Top trainer Willie Mullins has spent almost £12,000 on entries in the National and if all 12 of those horses were to turn up on the day (spectacularly unlikely) his entry costs would go up to over £50,000 – an extra amount is paid at each ‘declaration stage’ as the race approaches.
Mr Mullins trained Hedgehunter to win the National in 2005 and he recently took charge of Prince De Beauchene for top owners Andrea and Graham Wylie. The horse has had just one race for the yard, a very encouraging 5th of 25 in a competitive handicap chase, a run which drew the following comment from Racing Post summarisers:
Prince De Beauchene had plenty against him off top weight and ran a fine race. His rider briefly lost his iron down the back and the horse was slightly impeded again shortly afterwards, so it was a fine effort to keep going on a return from 232 days off the track.

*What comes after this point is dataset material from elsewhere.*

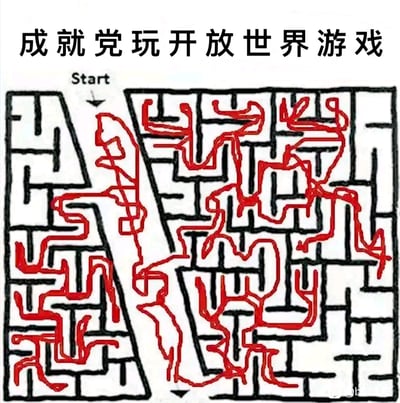 这是一张趣味游戏梗图，以黑白迷宫图为基底，顶部配有文字“成就党玩开放世界游戏”。图中用红色线条绘制出的路径几乎走遍了迷宫的每一个角落，仅留下极少数区域未涉足，以此形象地比喻成就党玩家在开放世界游戏中的游玩状态——为了达成全成就目标，会细致探索游戏地图的所有区域，不放过任何一个可能隐藏成就的角落，精准调侃了这类玩家的游戏习惯。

PDB was most impressive when winning at Aintree last year – over standard fences, not the National fences (Aintree has two separate tracks). That was his first run on good ground and he jumped extremely well, led for most of the final circuit then battled back after looking beaten. He’s also won on heavy ground and on soft but there’s a fair chance, I think, that good ground might suit him best and there’s a reasonable likelihood he will get that on National day.
PDB has won twice at 20 furlongs, showing that he has speed and is not just a stayer. His Aintree win was over 25 furlongs (the National distance is 36 furlongs) and although it’s impossible to be certain a horse will stay farther than he has already raced over, I believe PDB is worth risking at the price. He has just 10st 6lbs to carry and there’s every chance that Mr Mullins can get quite a bit of improvement out of him.